A slave name is a term for a name given to a person who is or has been enslaved or a name inherited from enslaved ancestors. Modern use of the term applies mostly to African-Americans who are descended from slaves and is almost always derogatory.
The vast majority of African-Americans in the United States were enslaved prior to the ratification of the Thirteenth Amendment to the US Constitution. During enslavement, slaves' names were assigned by their owners. Others received a name based on what kind of work they were forced to do. Some African-Americans have last names such as Cotton, reflecting when they were made to pick cotton as slaves.
After emancipation, many freedmen and -women took the surnames of their former owners as their own. Some blacks in the U.S. took on the surname Freeman, while others adopted the names of popular historical or contemporary figures of social importance, such as former presidents Washington, Jefferson, and Jackson.
A number of African-Americans have changed their names out of the belief that the names they were given at birth were "slave names." An individual's name change often coincides with a religious conversion (Muhammad Ali and Louis Farrakhan, for example) or involvement with the black nationalist movement (e.g., Amiri Baraka and Assata Shakur).
Some organizations encourage African-Americans to abandon their "slave names." The Nation of Islam is perhaps the best-known of them. In his book, Message to the Blackman in America, Nation of Islam leader Elijah Muhammad writes often of "slave names." Some of his comments include:
- "You must remember that slave-names will keep you a slave in the eyes of the civilized world today. You have seen, and recently, that Africa and Asia will not honor you or give you any respect as long as you are called by the white man’s name."
- "You are still called by your slave-masters' names. By rights, by international rights, you belong to the white man of America. He knows that. You have never gotten out of the shackles of slavery. You are still in them."
Other organizations, such as the Black nationalist US Organization also advocate for African-Americans to change their "slave names."

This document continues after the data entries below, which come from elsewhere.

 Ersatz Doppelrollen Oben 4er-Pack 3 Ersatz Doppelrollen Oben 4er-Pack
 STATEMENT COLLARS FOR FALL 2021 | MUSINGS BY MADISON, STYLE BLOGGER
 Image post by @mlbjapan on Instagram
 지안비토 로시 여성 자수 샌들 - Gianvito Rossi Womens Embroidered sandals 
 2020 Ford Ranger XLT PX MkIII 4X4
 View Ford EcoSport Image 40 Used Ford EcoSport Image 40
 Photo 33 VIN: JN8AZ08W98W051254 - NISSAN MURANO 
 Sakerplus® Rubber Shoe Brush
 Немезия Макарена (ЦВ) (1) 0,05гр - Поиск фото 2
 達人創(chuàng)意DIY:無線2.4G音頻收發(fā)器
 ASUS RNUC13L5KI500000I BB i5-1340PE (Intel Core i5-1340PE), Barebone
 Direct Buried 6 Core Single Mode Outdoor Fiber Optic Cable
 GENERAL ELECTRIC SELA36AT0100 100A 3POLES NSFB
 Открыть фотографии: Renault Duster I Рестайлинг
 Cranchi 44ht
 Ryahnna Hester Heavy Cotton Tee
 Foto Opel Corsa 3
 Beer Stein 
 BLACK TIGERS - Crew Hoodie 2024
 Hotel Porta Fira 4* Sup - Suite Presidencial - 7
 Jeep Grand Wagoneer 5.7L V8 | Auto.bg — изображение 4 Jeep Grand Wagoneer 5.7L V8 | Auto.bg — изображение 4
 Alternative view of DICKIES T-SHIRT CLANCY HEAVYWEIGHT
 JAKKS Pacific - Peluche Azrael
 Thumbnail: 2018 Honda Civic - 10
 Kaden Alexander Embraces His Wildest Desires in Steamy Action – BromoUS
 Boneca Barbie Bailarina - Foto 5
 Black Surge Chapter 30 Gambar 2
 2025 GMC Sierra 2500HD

Nevertheless, the overwhelming majority of African-Americans bear "slave names."
In Roman slavery, slaves often had a single name, given at the discretion of their owner.
A slave who was manumitted might keep his or her slave name and adopt his or her former owner's name as a praenomen and nomen. As an example, one historian describes "a man named Publius Larcius [who] freed a male slave named Nicia, who was then called Publius Larcius Nicia."
According to Johnston, descendants of Roman freedmen frequently changed their "slave names" to conceal their ancestor's enslavement.